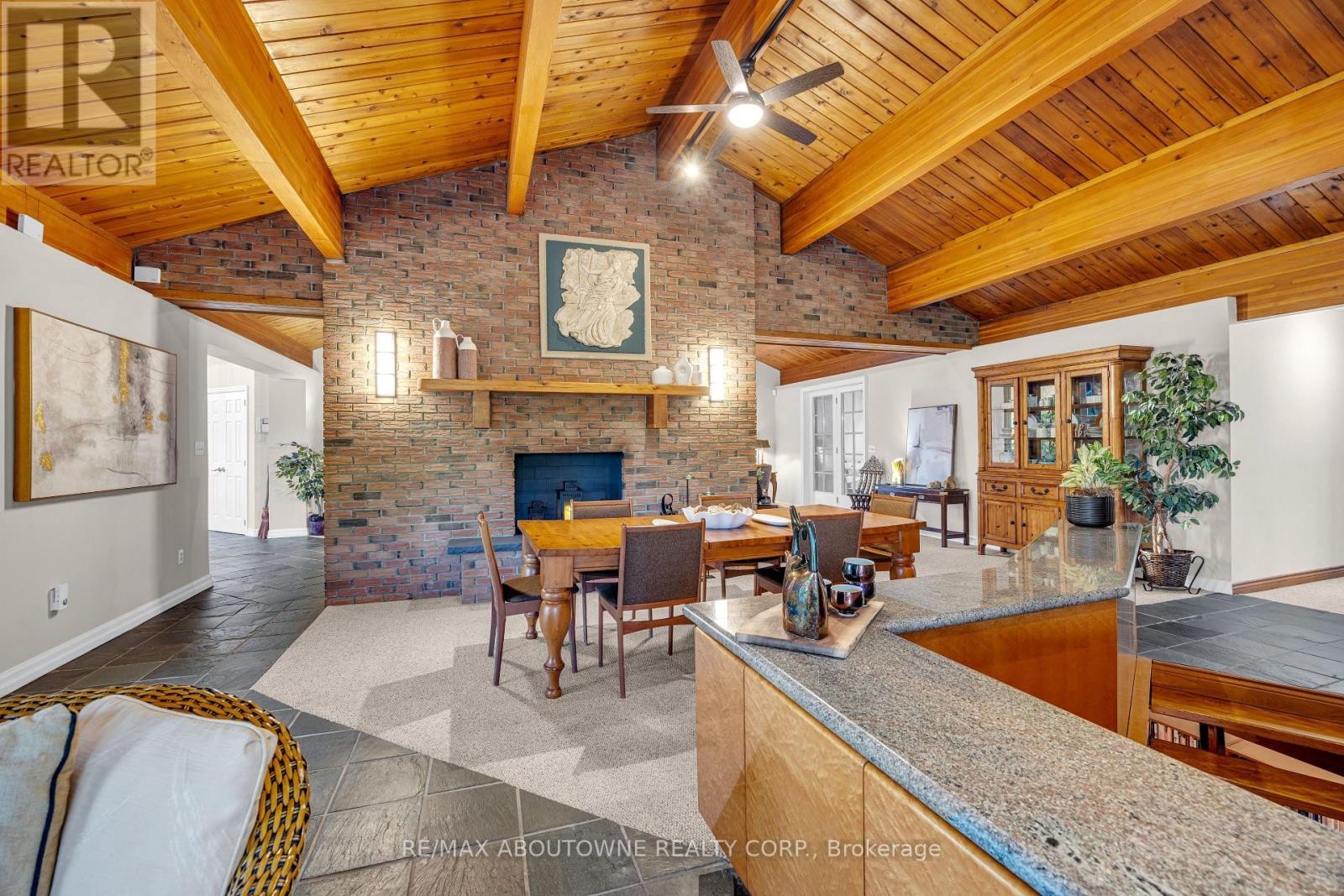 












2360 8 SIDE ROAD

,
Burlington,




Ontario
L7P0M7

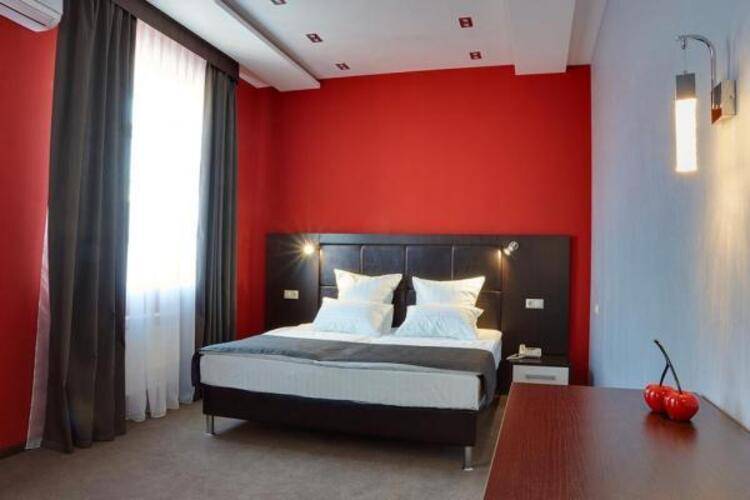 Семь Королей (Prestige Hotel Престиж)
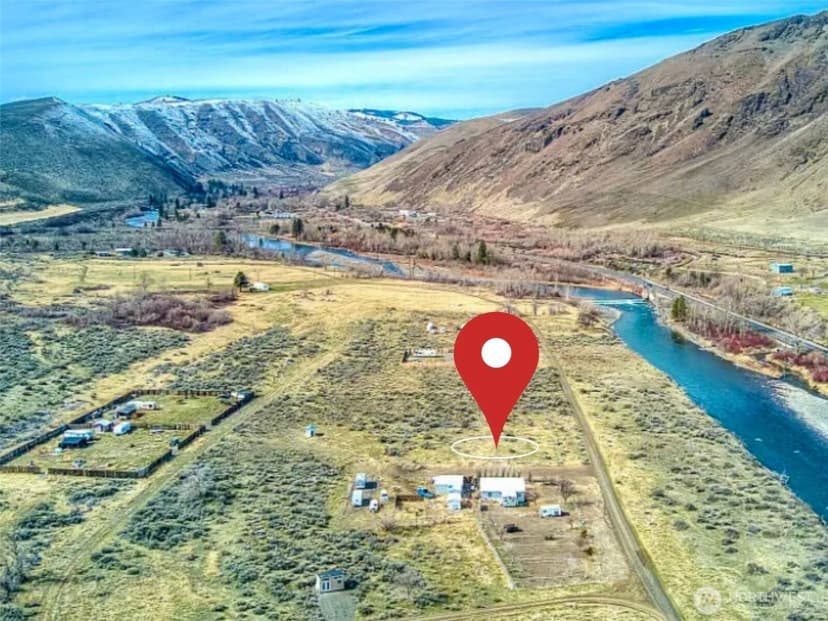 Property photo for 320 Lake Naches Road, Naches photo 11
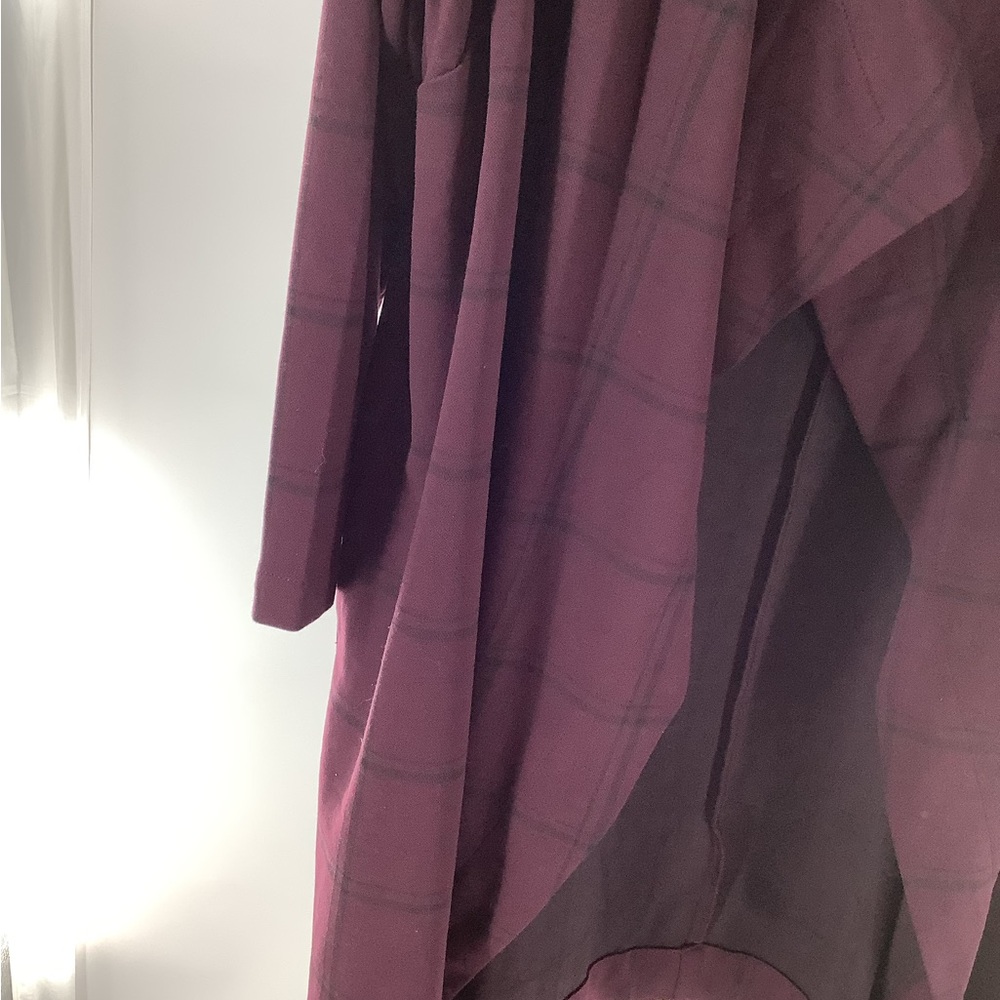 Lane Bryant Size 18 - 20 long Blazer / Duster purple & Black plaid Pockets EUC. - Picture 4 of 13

════════════════

Task statement: Write out the whole listing exactly, with no pictures.

Task solution:
2360 8 SIDE ROAD

,
Burlington,




Ontario
L7P0M7

 Семь Королей (Prestige Hotel Престиж)
 Property photo for 320 Lake Naches Road, Naches photo 11
 Lane Bryant Size 18 - 20 long Blazer / Duster purple & Black plaid Pockets EUC. - Picture 4 of 13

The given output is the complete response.